Begin with the line holding "Polo B&aacute;sica Cuello" and end with the last line of the records below. Set down exactly those lines and leave out every picture.

*** EXERCISE MATERIALS

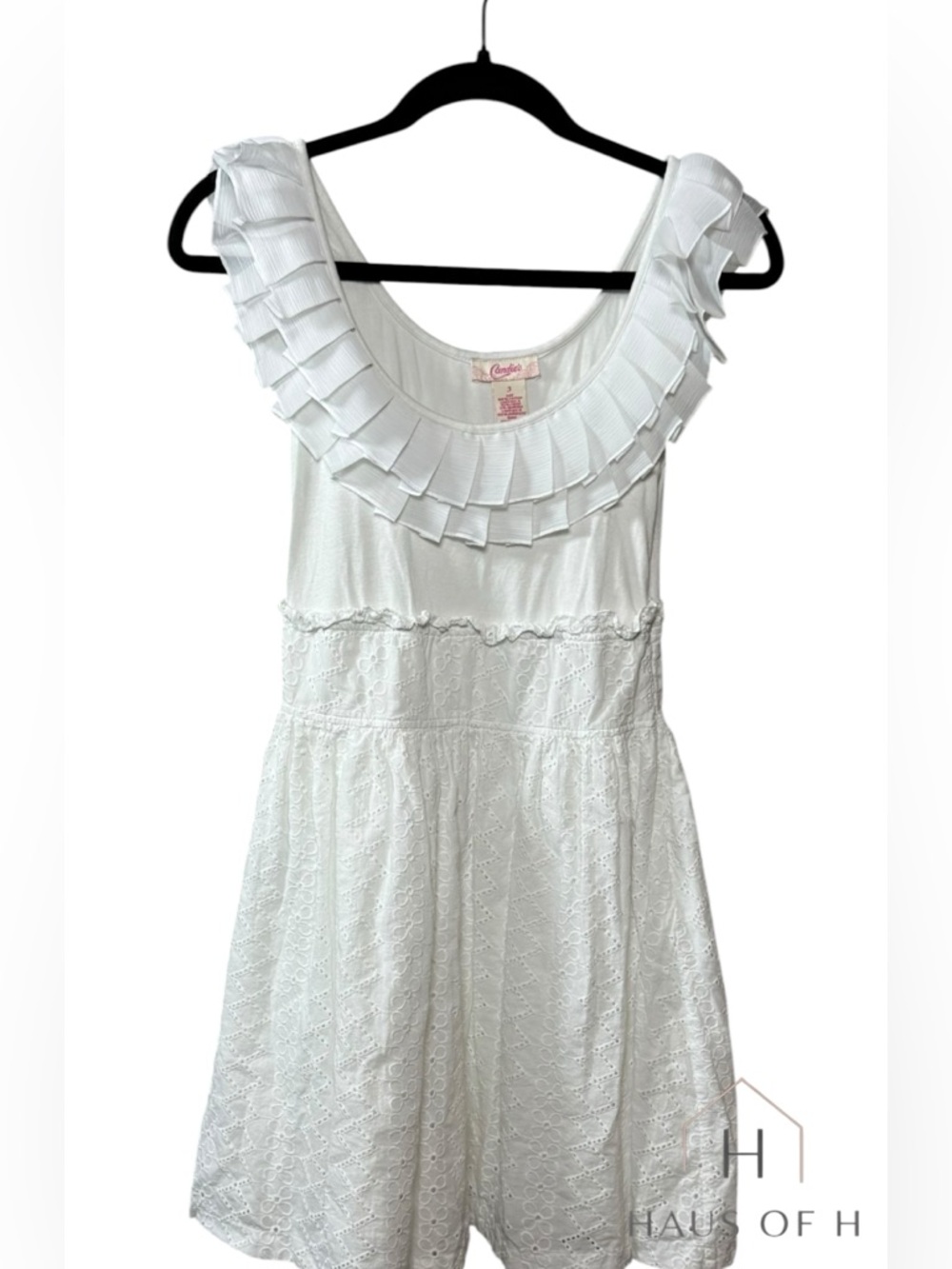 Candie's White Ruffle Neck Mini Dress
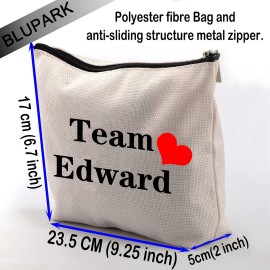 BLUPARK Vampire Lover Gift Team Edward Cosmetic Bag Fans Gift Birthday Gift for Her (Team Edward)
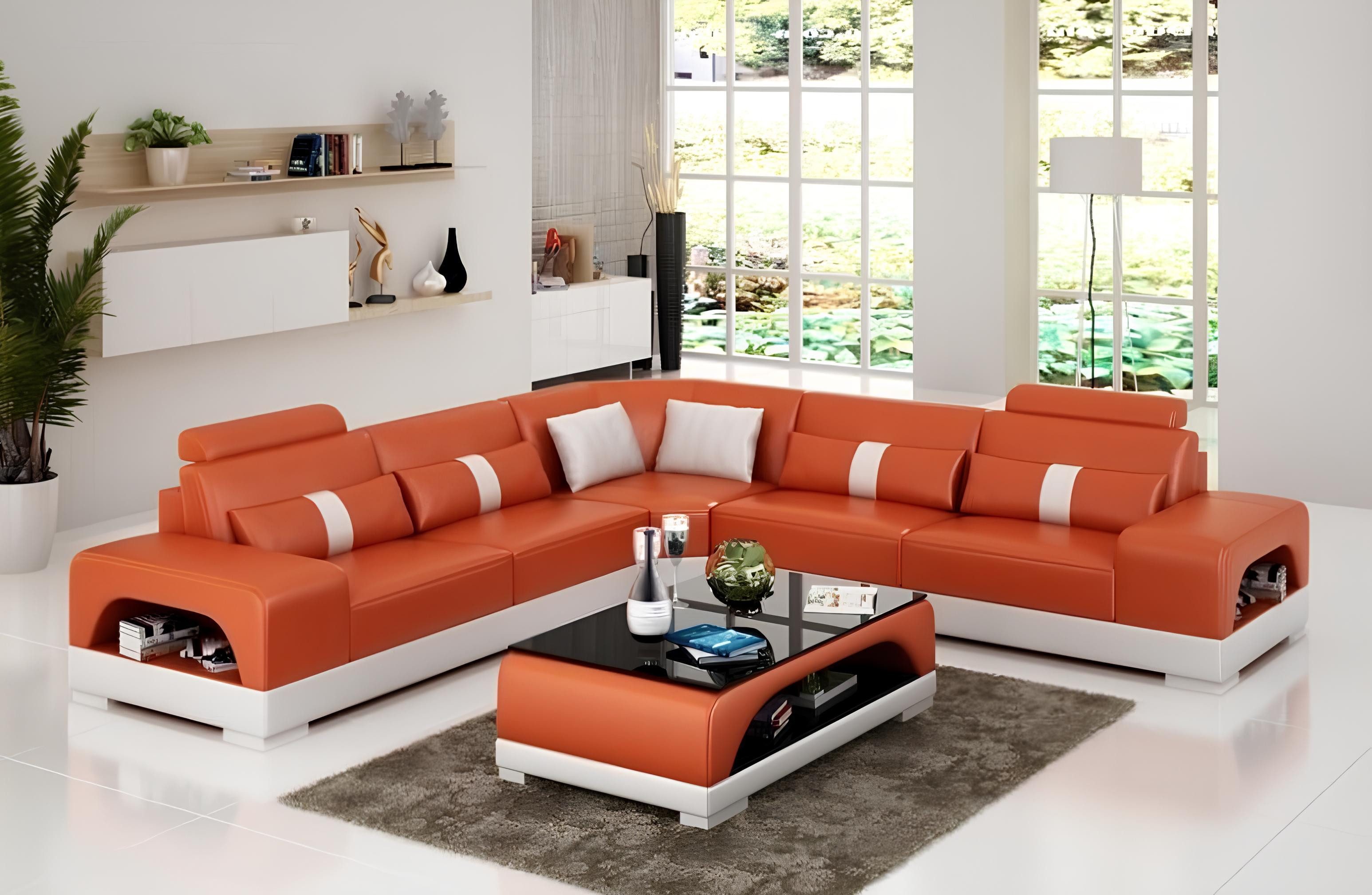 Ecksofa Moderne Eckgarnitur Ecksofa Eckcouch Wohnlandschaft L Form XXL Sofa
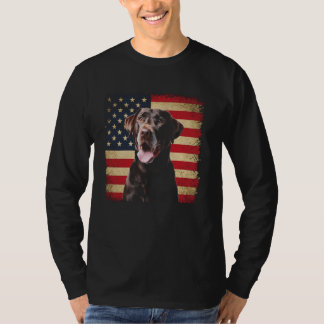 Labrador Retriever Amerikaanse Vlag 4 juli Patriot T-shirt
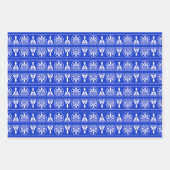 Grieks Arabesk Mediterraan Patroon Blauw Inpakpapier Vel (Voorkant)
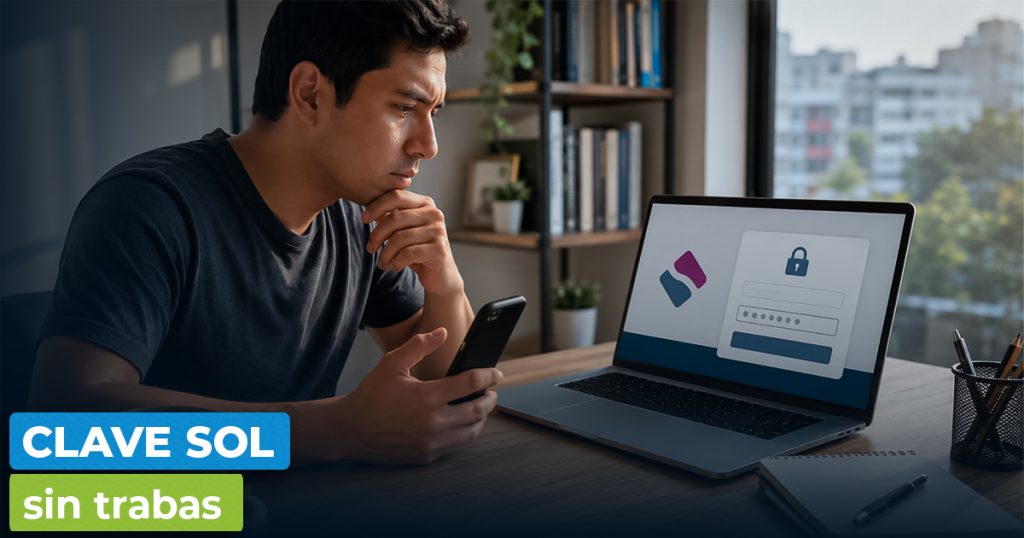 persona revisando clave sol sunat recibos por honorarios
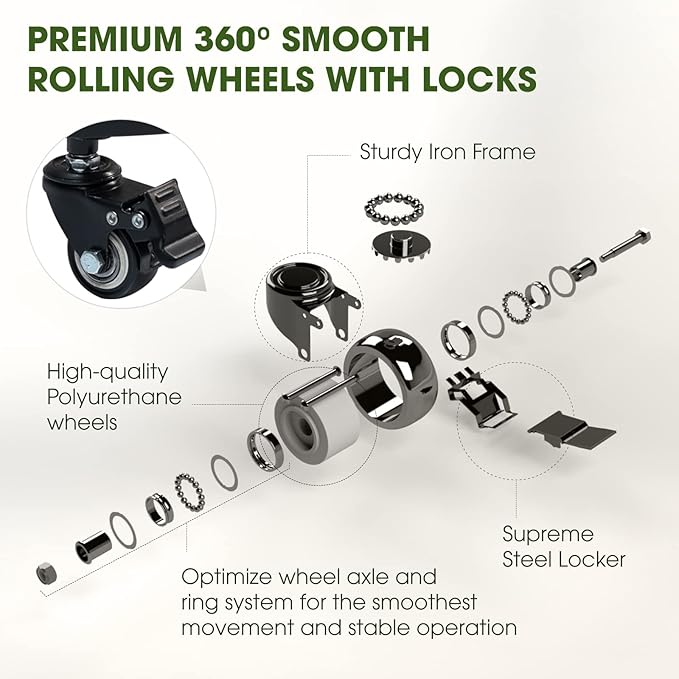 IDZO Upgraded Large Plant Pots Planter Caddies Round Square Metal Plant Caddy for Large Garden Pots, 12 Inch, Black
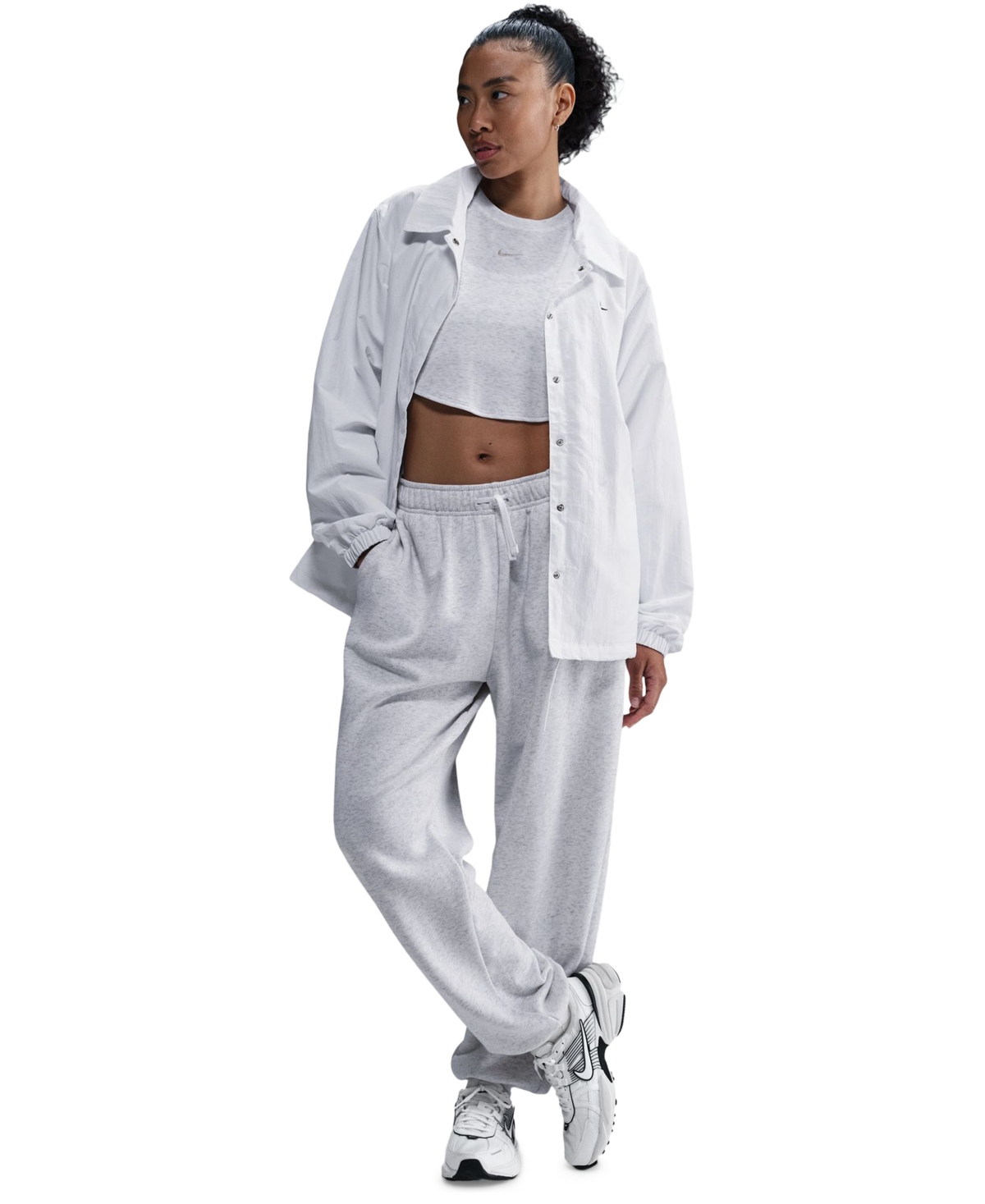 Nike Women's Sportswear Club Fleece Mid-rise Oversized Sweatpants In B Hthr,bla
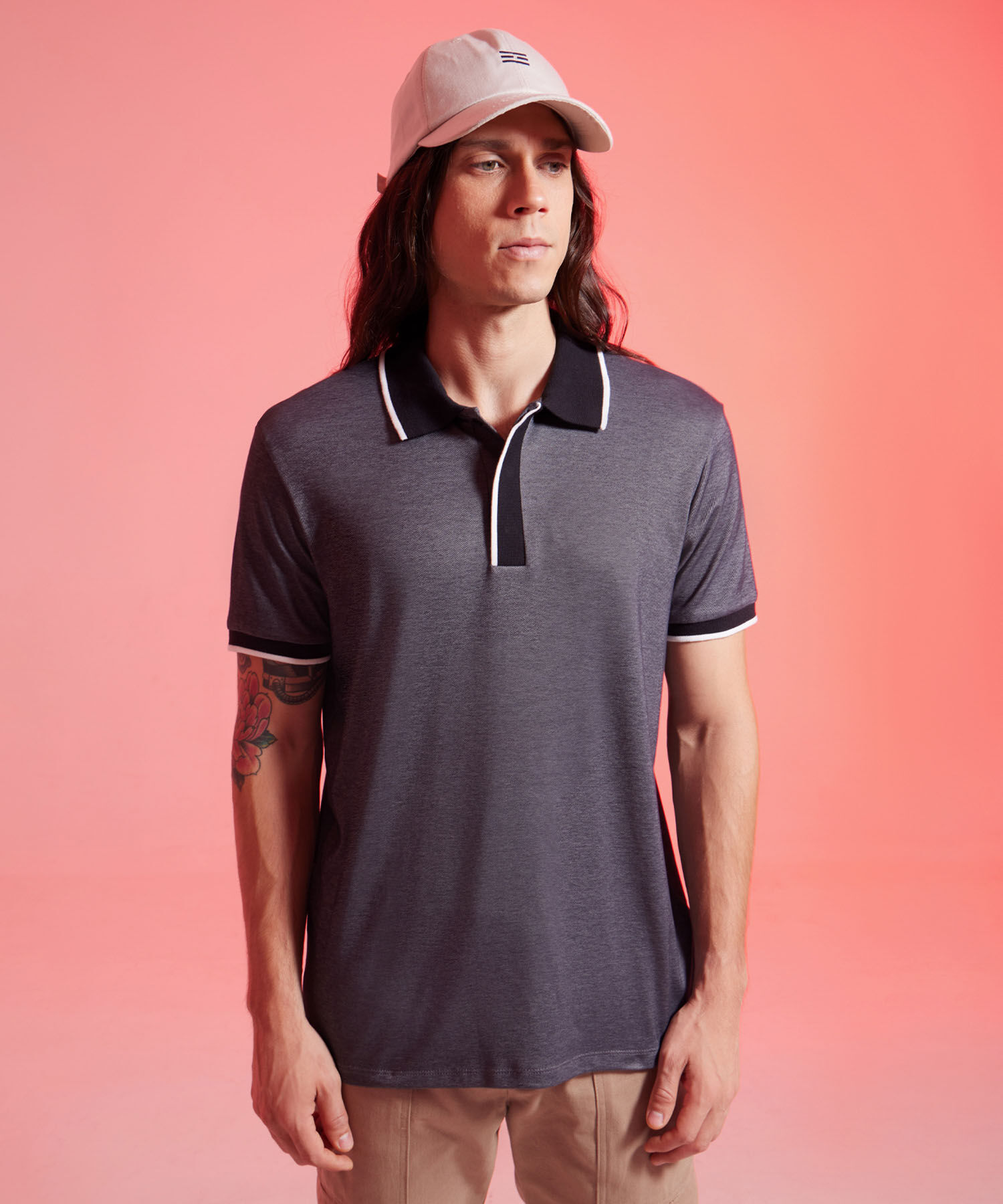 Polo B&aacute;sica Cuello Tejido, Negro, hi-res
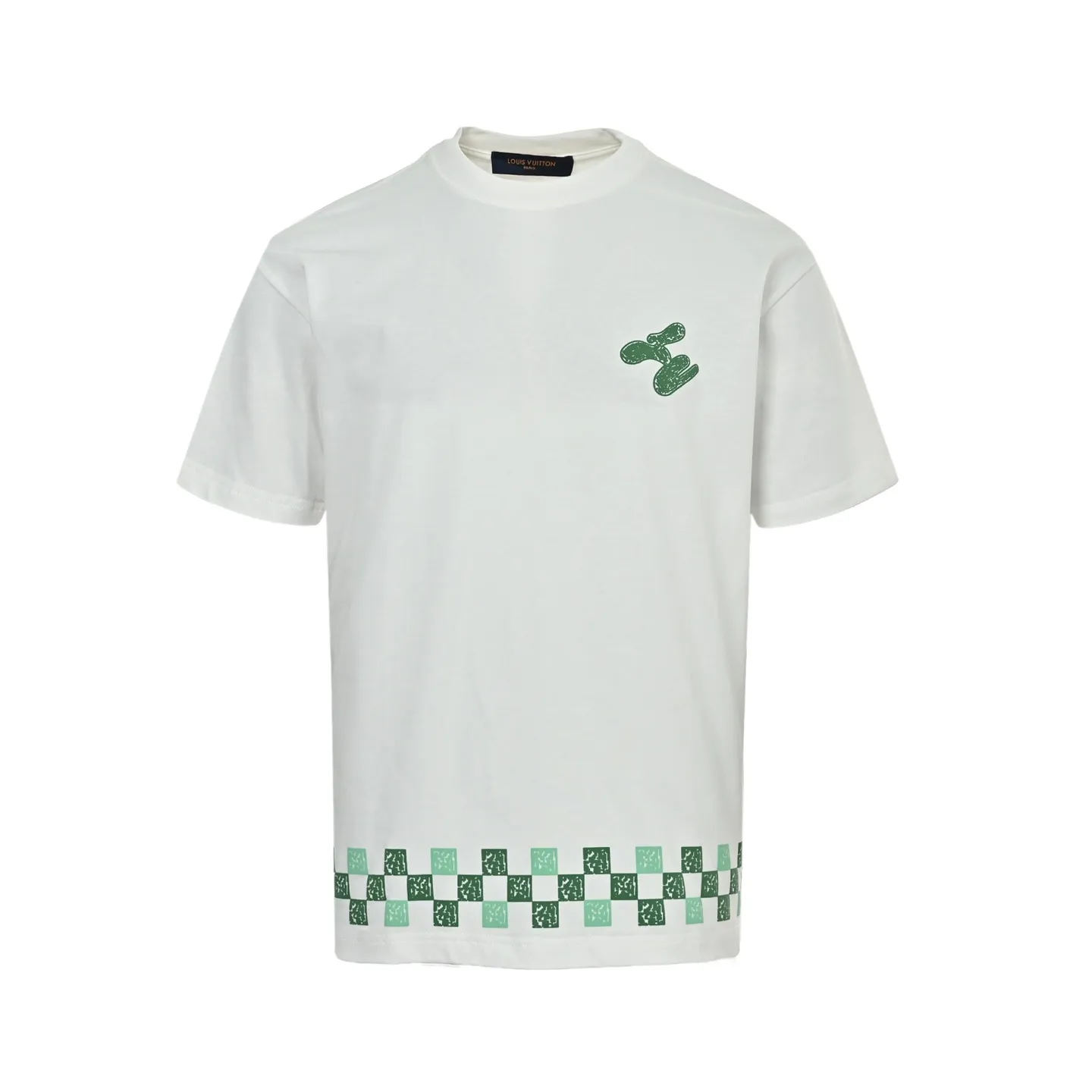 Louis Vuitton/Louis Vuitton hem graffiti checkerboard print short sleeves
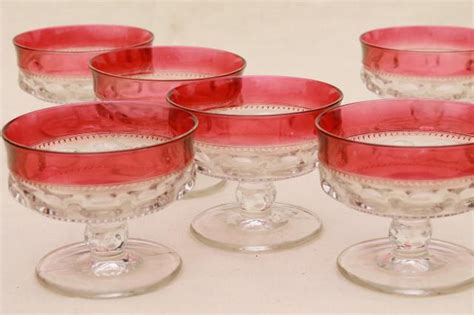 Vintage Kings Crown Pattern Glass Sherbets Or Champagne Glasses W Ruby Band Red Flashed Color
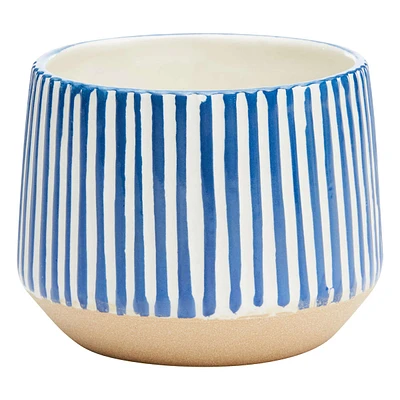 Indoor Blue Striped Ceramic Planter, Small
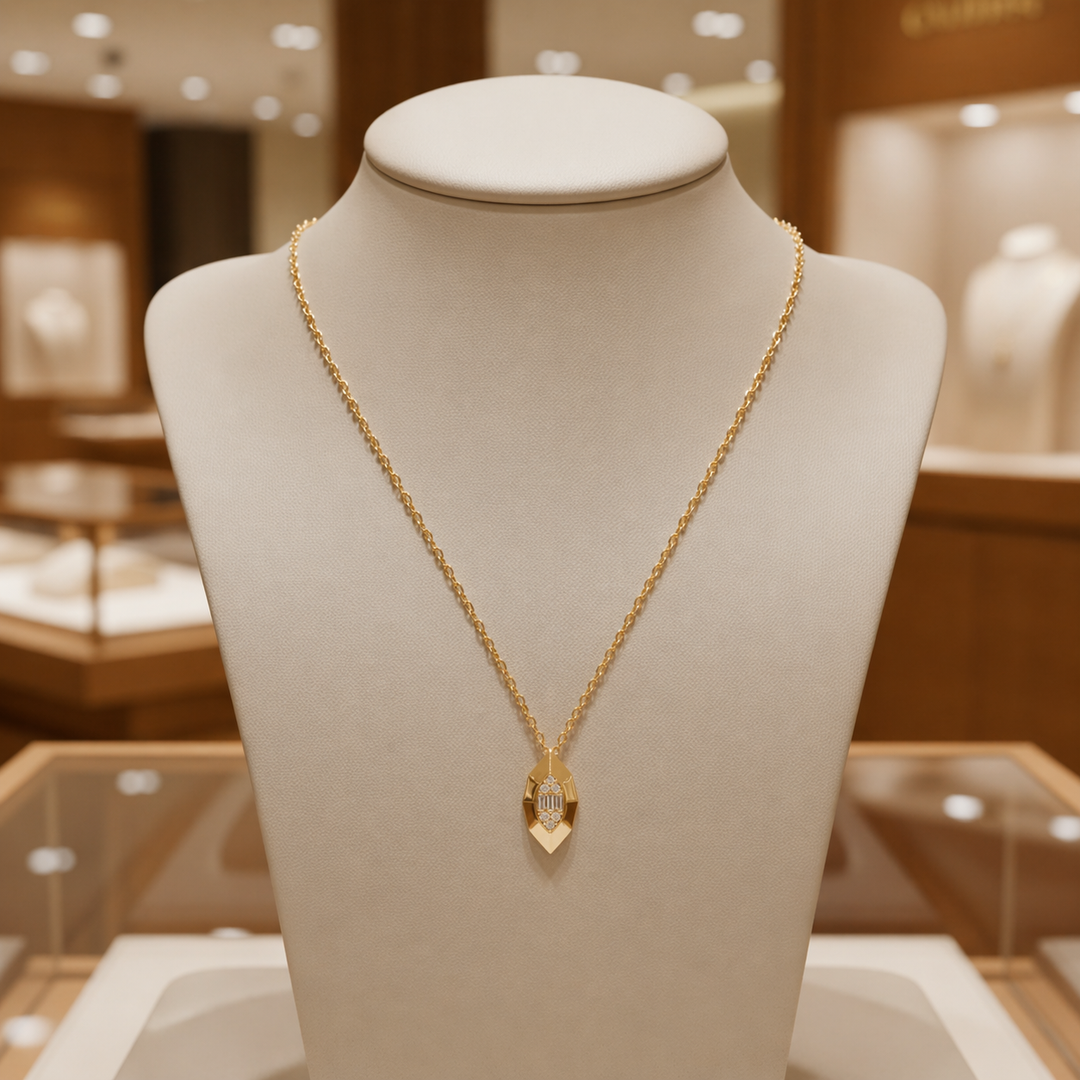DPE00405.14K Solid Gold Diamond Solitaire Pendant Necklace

******

FINISHED EXERCISE »
 Polo B&aacute;sica Cuello Tejido, Negro, hi-res
 Louis Vuitton/Louis Vuitton hem graffiti checkerboard print short sleeves
 Vintage Kings Crown Pattern Glass Sherbets Or Champagne Glasses W Ruby Band Red Flashed Color
 Indoor Blue Striped Ceramic Planter, Small
DPE00405.14K Solid Gold Diamond Solitaire Pendant Necklace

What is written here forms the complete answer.